§ **Work instructions**: Set down again each entry exactly as it reads, pictures excluded.

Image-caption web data
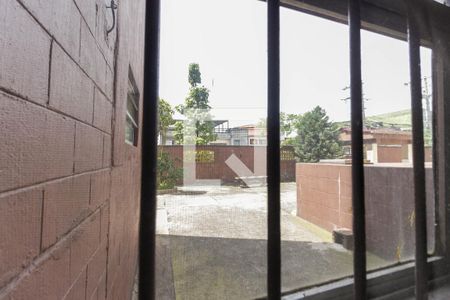 Vista da Sala de apartamento à venda com 2 quartos, 54m² em Conjunto Residencial José Bonifácio, São Paulo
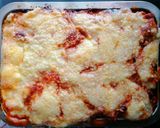 Foto del paso 4 de la receta: Lasagna de berenjena (versión vegana)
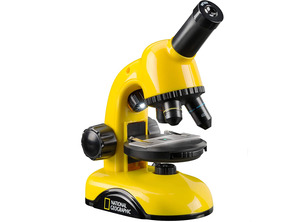 Ajouter au panier Bresser Microscopio National Geographic 40x-800x Bresser Microscopio National Geographic 40x-800x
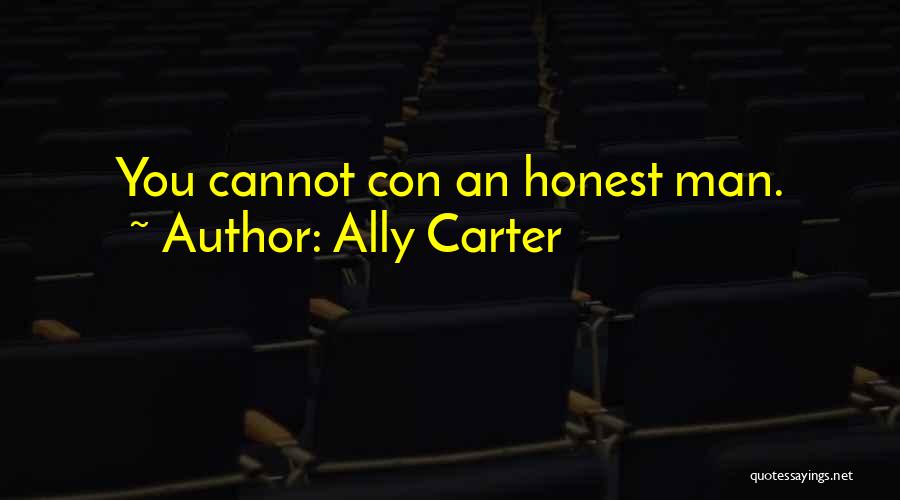 Thief Quotes By Ally Carter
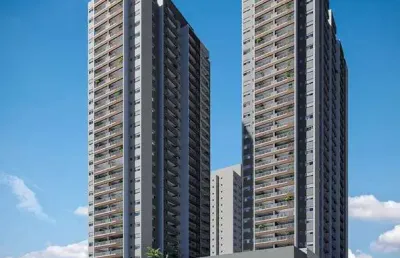 Apartamento com 2 quartos à venda na Rua Joaquim Marra, 110, Vila Matilde, São Paulo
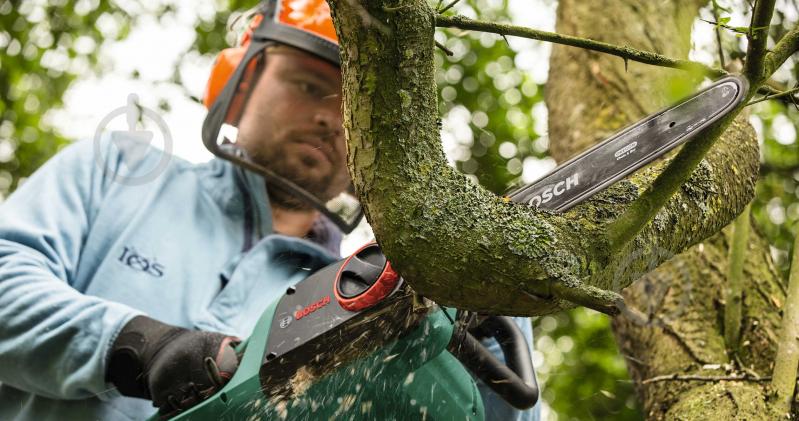 Пила цепная аккумуляторная Bosch UniversalChain 18 - фото 12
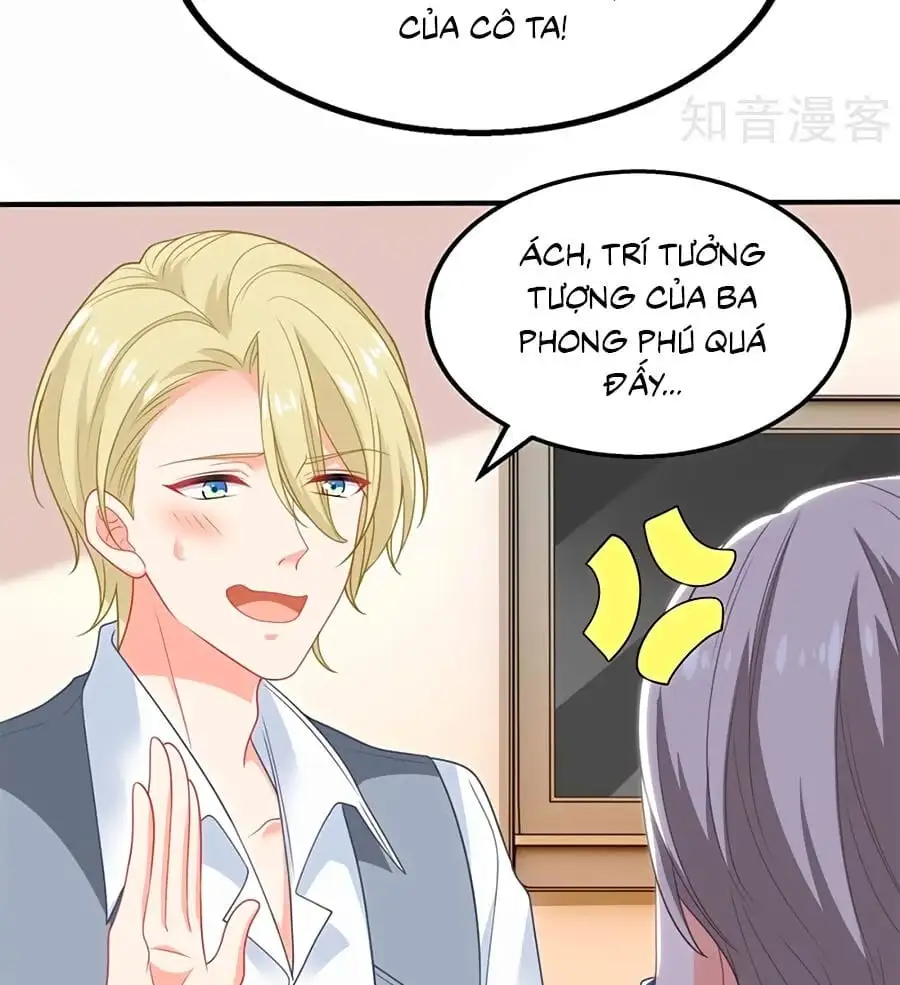 Truyện Tranh Một Thai Hai Bảo: Đưa Mami Về Nhà! trang 4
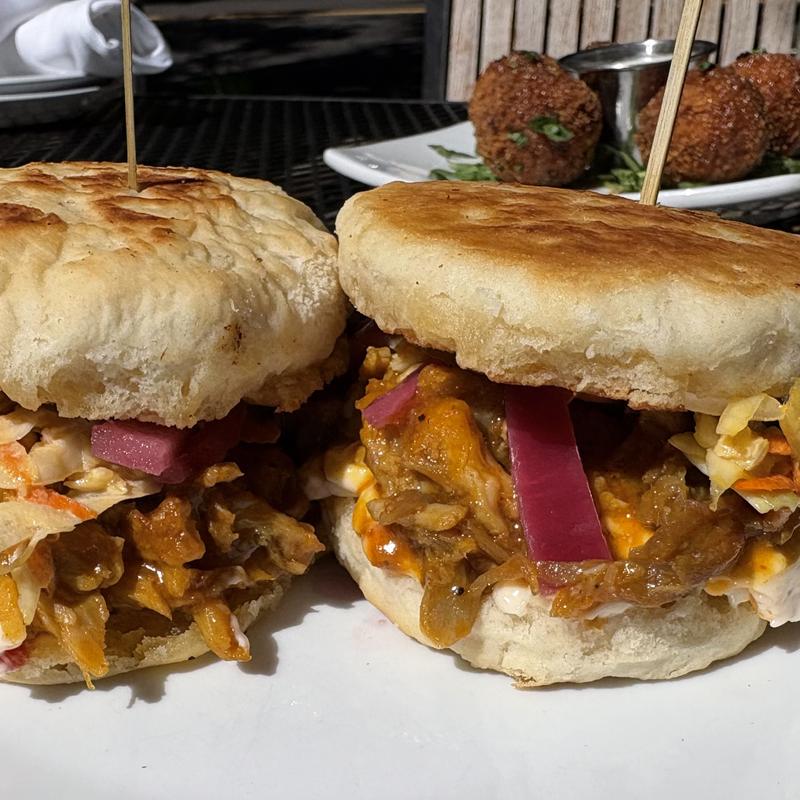 Lowcountry Biscuit Sliders photo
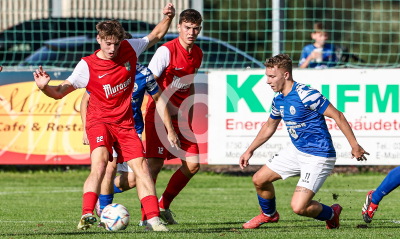 St. Lorenzen vs. St. Peter Kbg.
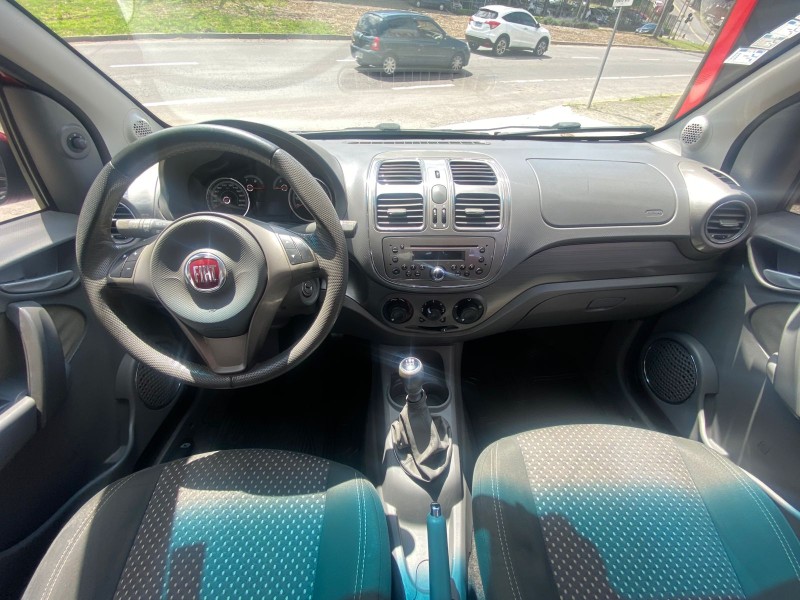 GRAND SIENA 1.6 16V FLEX 4P MANUAL - 2013 - CAXIAS DO SUL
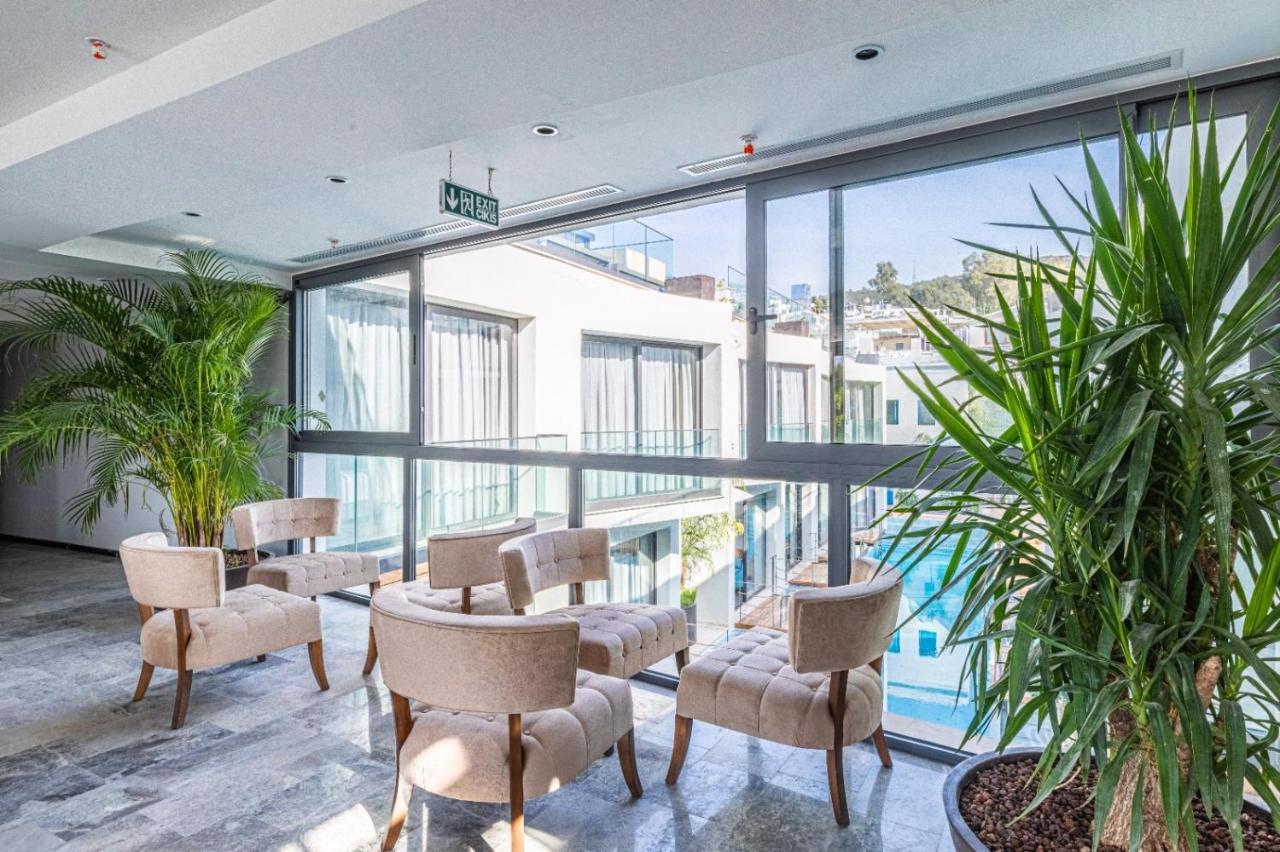 Goezegir Hotel Bodrum Eksteriør bilde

§ **Your solution**:
 Vista da Sala de apartamento à venda com 2 quartos, 54m² em Conjunto Residencial José Bonifácio, São Paulo
 Foto del paso 4 de la receta: Lasagna de berenjena (versión vegana)
 Ajouter au panier Bresser Microscopio National Geographic 40x-800x Bresser Microscopio National Geographic 40x-800x
 Thief Quotes By Ally Carter
 Apartamento com 2 quartos à venda na Rua Joaquim Marra, 110, Vila Matilde, São Paulo
 Пила цепная аккумуляторная Bosch UniversalChain 18 - фото 12
 Truyện Tranh Một Thai Hai Bảo: Đưa Mami Về Nhà! trang 4
 Lowcountry Biscuit Sliders photo
 St. Lorenzen vs. St. Peter Kbg.
 GRAND SIENA 1.6 16V FLEX 4P MANUAL - 2013 - CAXIAS DO SUL
 Goezegir Hotel Bodrum Eksteriør bilde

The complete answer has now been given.